Но раздался звук зловещего рога, кто-то крикнул: «Волк!» — пустил по следу свору газетных псов, окружил нас красными лоскутьями жестоких загонщиков, и люди, хорошо знающие меня, согласились признать меня бешеным волком, будто и увидели даже волчьи клыки, — так легче было жить им самим… Вот поистине сатанинская работа, проделанная в нас и с нами сталинизмом, страхами и эйфорией.

«…Бояджиев и Борщаговский отталкивали от ЦТКА виднейших советских драматургов, стремились поссорить их с театром. Презренным антипатриотам были чужды интересы нашего государства, народа, находившие отражение в произведениях передовых советских драматургов.
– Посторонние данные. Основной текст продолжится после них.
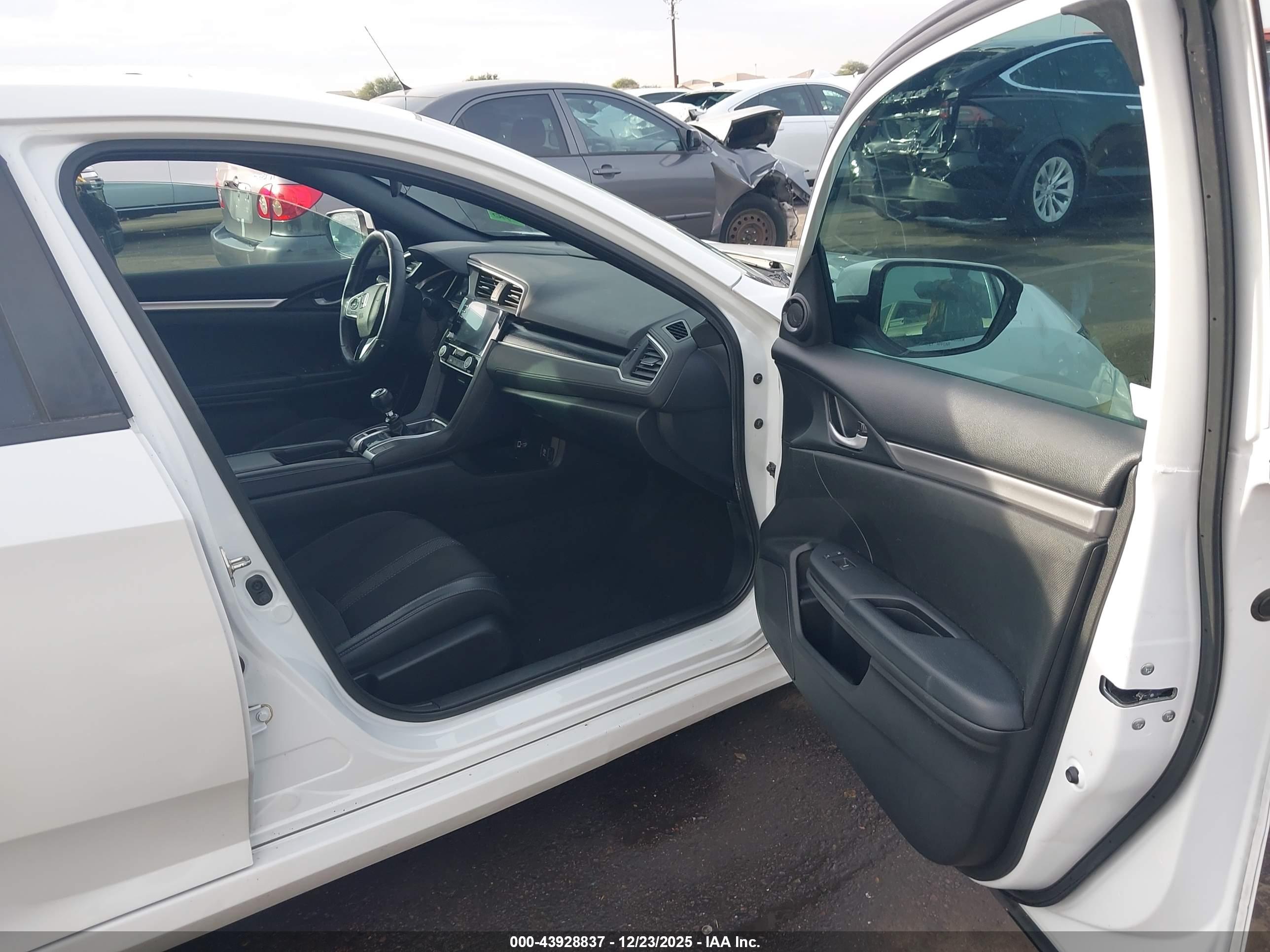 HONDA CIVIC image 5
Борщаговский, маскируясь лживыми заявлениями о борьбе за художественное качество репертуара, поносил и охаивал пьесы драматургов А. Первенцева, А. Барянова и других, расхваливая при этом пьесы буржуазных писателей…» Читатель уже знает, как появился на свет божий «Южный узел» Аркадия Первенцева, а с пьесой Анатолия Барянова «На той стороне» я провозился так долго и потрудился над ней столь основательно, что автор в смятении предложил мне соавторство и унялся только после того, как я сказал, что мне эта честь не нужна, а плата подавно, и если он не уймется, я прекращу работу.

Но рог загонщиков трубил о «жалких потугах ничтожных пигмеев, вознамерившихся противопоставить себя мощному развитию нашей социалистической культуры», об «антипатриотах, которые будут выброшены на свалку истории», об агентах из лагеря империализма, готовых «идти на любые идеологические диверсии ради того, чтобы ослабить, подорвать мощь передового отряда лагеря демократии — Советского Союза». Майоров, нетерпеливо дожидавшийся моей квартиры, покаянно колотил себя в грудь: «Мы повинны в том, что не сумели своевременно разоблачить работавших в нашем театре антипатриотов Бояджиева и Борщаговского, не разглядели за их дутыми „авторитетами“ враждебной советскому искусству деятельности». Казалось, он проговаривает текст роли в привычном амплуа социального героя и слушают его не десятки людей, знающих, что он лжет, а взволнованный зрительный зал, доверяющий каждому его слову. Знал ли он сам, что лжет? Скорее всего, не знал. Привычным автоматическим усилием прогнал тень сомнений, если она возникла, и весь отдался новой социальной роли — обличению, гневу, а заодно и самобичеванию, — ничто так не возвышает оратора-палача сталинской школы, как словесная мишура, именуемая самокритикой: до жалости ли мне к врагу, если я беспощаден к самому себе! Речь обретает высоту, видимость благородства, а если исполнитель еще из декламаторов, если он — воплощенное рыцарство духа, тогда он поведет за собой толпу фанатиков.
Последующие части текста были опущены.